The first scene of Aphra Behn’s The Rover is something that is familiar to us is modern day drama. Or should I say Soap Opera? The basic plot is as follows: two sisters talk about love, older sister has to choose between two men (her father’s choice of an old hairy rich guy or her brother’s stuck-up rich friend) but actually loves a third man. Just like something out of As The World Turns, the brother comes up with the brilliant idea for sister to marry his friend while Daddy is out of town. The ladies see another option: go out on the town, find the third man and tell him you love him. The difference between this play and The Bold and the Beautiful is that The Rover was first performed in the seventeenth century. It seems the audience’s need to be entertained by far-reaching plots has been around for a very long time.

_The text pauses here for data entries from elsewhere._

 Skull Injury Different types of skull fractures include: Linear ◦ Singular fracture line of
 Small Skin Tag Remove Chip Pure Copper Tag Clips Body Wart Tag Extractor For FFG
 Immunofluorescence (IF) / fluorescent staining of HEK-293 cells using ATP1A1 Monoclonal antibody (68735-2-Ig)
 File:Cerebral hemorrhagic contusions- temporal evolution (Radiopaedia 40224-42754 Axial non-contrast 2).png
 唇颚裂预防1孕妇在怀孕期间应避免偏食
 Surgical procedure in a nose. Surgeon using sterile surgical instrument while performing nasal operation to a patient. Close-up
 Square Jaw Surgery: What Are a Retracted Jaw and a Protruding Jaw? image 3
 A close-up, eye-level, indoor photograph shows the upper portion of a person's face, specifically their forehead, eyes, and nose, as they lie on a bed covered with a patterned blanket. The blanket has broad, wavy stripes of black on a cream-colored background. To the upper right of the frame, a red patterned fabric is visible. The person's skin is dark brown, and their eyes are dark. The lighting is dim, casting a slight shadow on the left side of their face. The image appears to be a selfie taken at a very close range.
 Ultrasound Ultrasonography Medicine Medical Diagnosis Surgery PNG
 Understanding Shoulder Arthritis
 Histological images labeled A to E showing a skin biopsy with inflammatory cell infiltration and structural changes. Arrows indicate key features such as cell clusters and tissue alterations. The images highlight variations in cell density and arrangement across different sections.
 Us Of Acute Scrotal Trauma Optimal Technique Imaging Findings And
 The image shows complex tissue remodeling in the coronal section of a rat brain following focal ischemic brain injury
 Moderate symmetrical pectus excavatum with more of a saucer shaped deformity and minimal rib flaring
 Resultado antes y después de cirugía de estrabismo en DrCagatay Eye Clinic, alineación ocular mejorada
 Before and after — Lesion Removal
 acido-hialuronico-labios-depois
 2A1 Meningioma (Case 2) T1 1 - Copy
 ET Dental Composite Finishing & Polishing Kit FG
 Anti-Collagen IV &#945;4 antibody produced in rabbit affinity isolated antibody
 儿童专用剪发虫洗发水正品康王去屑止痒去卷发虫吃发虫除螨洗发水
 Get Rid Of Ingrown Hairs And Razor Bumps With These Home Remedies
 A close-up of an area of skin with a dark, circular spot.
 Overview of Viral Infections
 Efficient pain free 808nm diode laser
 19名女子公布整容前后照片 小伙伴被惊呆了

So far I have made light of the play, but it’s about far more than just humour and irony. The play was written in a witty way, but by witty I mean the female author engaging in a self-mocking of pathetic, feeble and fickle womankind – this of course seen from a society dominated by men. Traditionally, women in the seventeenth century led rather sheltered lives: the younger sister in this family was “bred in a Nunnery” (inspiration for which Behn seems to have got from her own past) whereas the elder sister was brought-up to be married off in order to gain money and other assets to strengthen the family’s sphere of influence. This makes for an interesting contrast between a life of celibacy and a life of sex for money. The need for power, male power, is something that is very emblematic of the society of the day. The Rover draws attention to and mocks this male-dominated social system by showing us that women don’t fall into line, have escape plans for everything and usually find a way to get their own way in the end. Oh, how wicked we are!